SEQUENTIAL CURCUITS 楽器・機材【Vol.〇〇】
【Vol.285】S.C.I. PROPHET-T8 ~76鍵・木製鍵盤を採用したプロフィットの最高峰モデル[1983年]
2018/11/26
今回ご紹介するシンセサイザーは、SEQUENTIAL CURCUITS Inc.(シーケンシャル・サーキッツ。以下S.C.I.)が1983年に発売した「PROPHET-T8」(以下T8)です。発売当初の国内定価は2,500,000円。
76鍵のウェイテッド木製鍵盤を採用し、ベロシティはもちろんアフタータッチにも対応した(→もちろんMIDI搭載)、マスターキーボードとしても使いどころがあるキーボードと言えるでしょう。実際、ハワード・ジョーンズやジョー・ザヴィヌルなど名だたるキーボーディストがマスターキーボードとして(一時期)本機を据えていました。

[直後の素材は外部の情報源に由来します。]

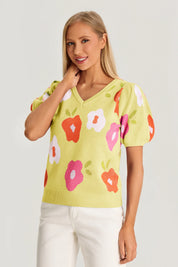 Womens Yellow Floral Puff Short Sleeve Sweater | CicyBell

同社の名機Prophet-5とパネルデザイン、レイアウトは似ており、同機の拡張版(あるいは上位機種)と見られる向きもあるかもしれませんが、果たしてそうだったのでしょうか。詳しく見てみましょう。
音源部仕様
当時PROPHETシリーズのフラッグシップ・モデルとして登場した、8ボイス・ポリフォニック、16VCO(オシレーター)搭載のアナログシンセサイザー。基本構成は2VCO、ノイズ、1VCF、1VCA、および2エンベロープ・ジェネレーター(ADSR方式)となっています。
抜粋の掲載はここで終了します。